Death of ‘mesmerising advocate’ Desmond Boal, QC

Along with Ian Paisley, the lawyer was a founding member of the DUP

The death has occurred of Desmond Boal, QC, who with his former friend, Ian Paisley established the Democratic Unionist Party in 1971

The death has occurred of Desmond Boal, QC, who with his former friend, Ian Paisley established the Democratic Unionist Party in 1971

 

The death has occurred of Desmond Boal, QC, who with his former friend, Ian Paisley – from whom he later became estranged – established the Democratic Unionist Party in 1971.

Mr Boal, who was born in Co Derry in 1929, died on Wednesday night. He also served as a unionist member of the Stormont parliament for the Shankill constituency between 1960 and 1971.

Mr Boal, who was regarded as one of Ireland’s most brilliant barristers, joined Dr Paisley in forming the DUP due to his disillusionment with unionism under leaders such as Terence O’Neill, James Chichester-Clark and Brian Faulkner.

Unlike Dr Paisley he was relatively secular in his view. Nonetheless, he struck up a formidable partnership with Dr Paisley, offering intellectual weight and guidance to the DUP leader.
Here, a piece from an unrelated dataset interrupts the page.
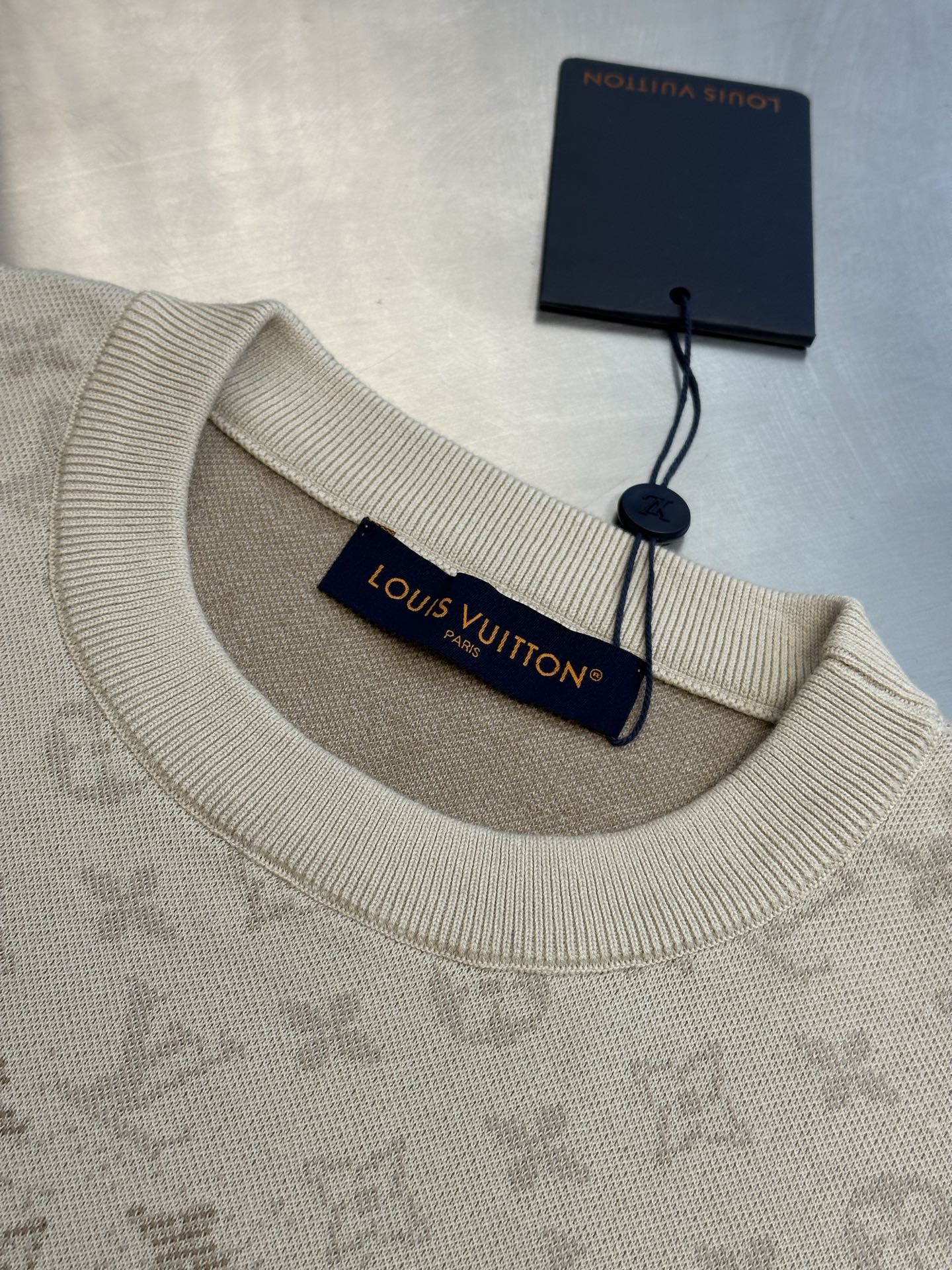 Light beige crewneck sweater with ribbed collar and Louis Vuitton logo tag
Their great friendship collapsed however in 2007 when Dr Paisley agreed to share power with Sinn Féin. In journalist Eamonn Mallie’s BBC documentary on Dr Paisley his wife Baroness Eileen Paisley recounted how that strong bond was sundered.
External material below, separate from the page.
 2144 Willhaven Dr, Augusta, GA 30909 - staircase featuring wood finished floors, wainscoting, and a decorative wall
She described him visiting the Paisley home in east Belfast to return books he had received from Dr Paisley and stating that this “isn’t a friendly visit”.
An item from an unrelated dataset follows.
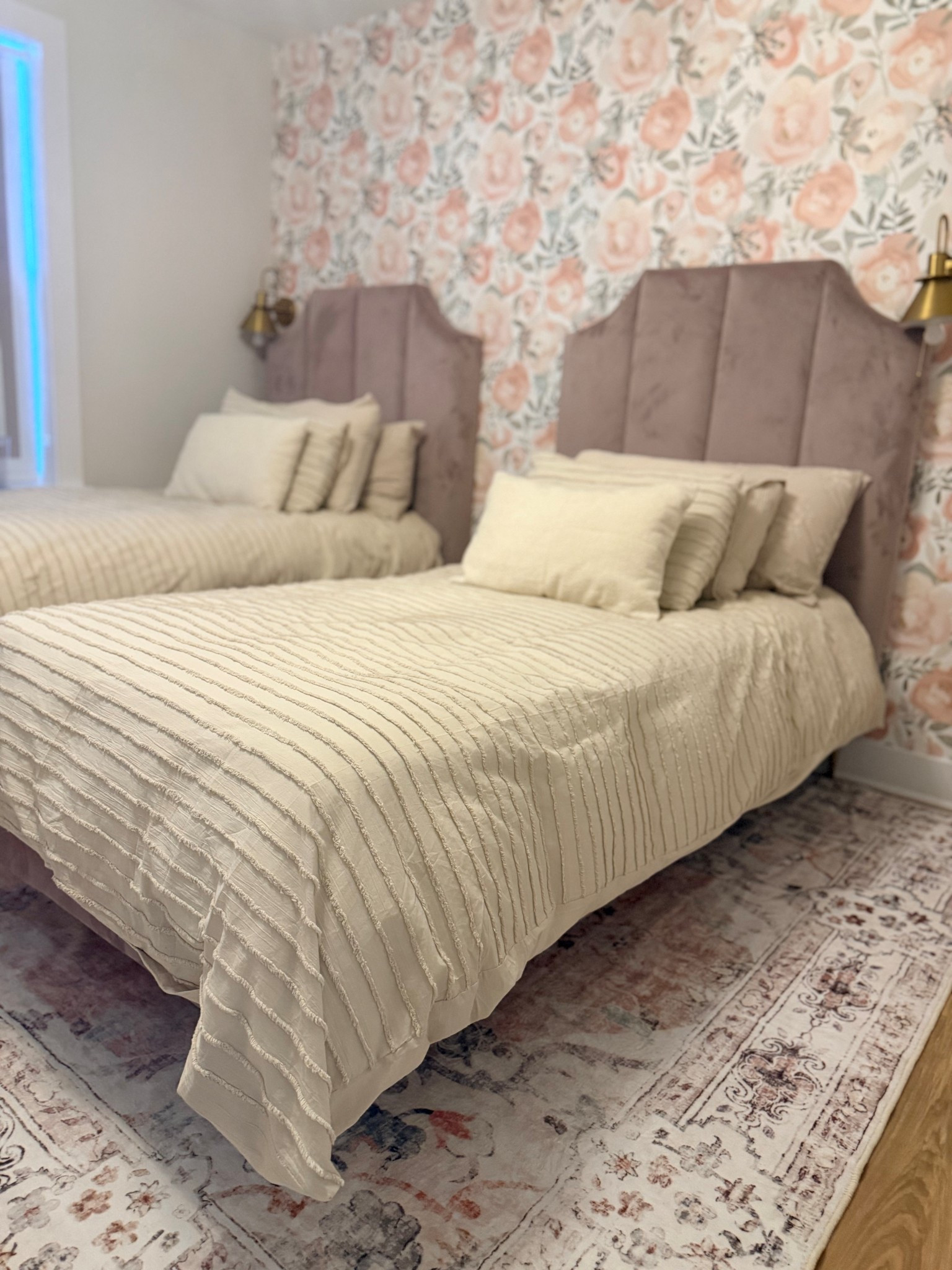 Update on my daughter’s bedroom.
I wasn’t loving how the bed frame and the wallpaper looked together so I bought a rug with all the colors to help create some harmony and I’m so happy with the results! 

#LTKHome #LTKKids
Mr Boal said to her, she recounted, “I just can’t believe he’s done what he’s done and I just don’t want anything more to do with you.”

Baroness Paisley replied, “Desmond, I’m very sorry it has to come to that but... what could he do? Would you have him responsible for another 30 or 40 years of warfare and devastation and killing and murdering, or do what he did?’”

She said “he just walked away”. Baroness Paisley said the collapse of that lifelong friendship was “a very big blow” to her husband.

Journalist, broadcaster and columnist Vincent Browne has also written about how when he was a young reporter covering Northern Ireland he was impressed by Mr Boal. He recalled that when internment without trial was introduced in 1971 Mr Boal persuaded Dr Paisley to issue a statement condemning the move.

“Paisley agreed, reluctantly. They issued a joint statement. Paisley spent over a year trying to get off that hook,” Browne remembered in this newspaper. He added that some months later Mr Boal talked Dr Paisley “into making favourable noises about a united Ireland, or at least friendly relations with the South. He spent even more time getting off that hook”.

There was general consensus from both unionists and nationalists that Mr Boal was a formidable orator and lawyer. Browne also wrote about how Harry West, a unionist minister in the old Stormont government begged Mr Boal to “go easy on him” during one debate.

The North’s director of public prosecutions Barra McGrory, QC, said he knew Mr Boal through his father the solicitor, the late solicitor Paddy (PJ) McGrory. He previously described him as the best advocate he ever witnessed.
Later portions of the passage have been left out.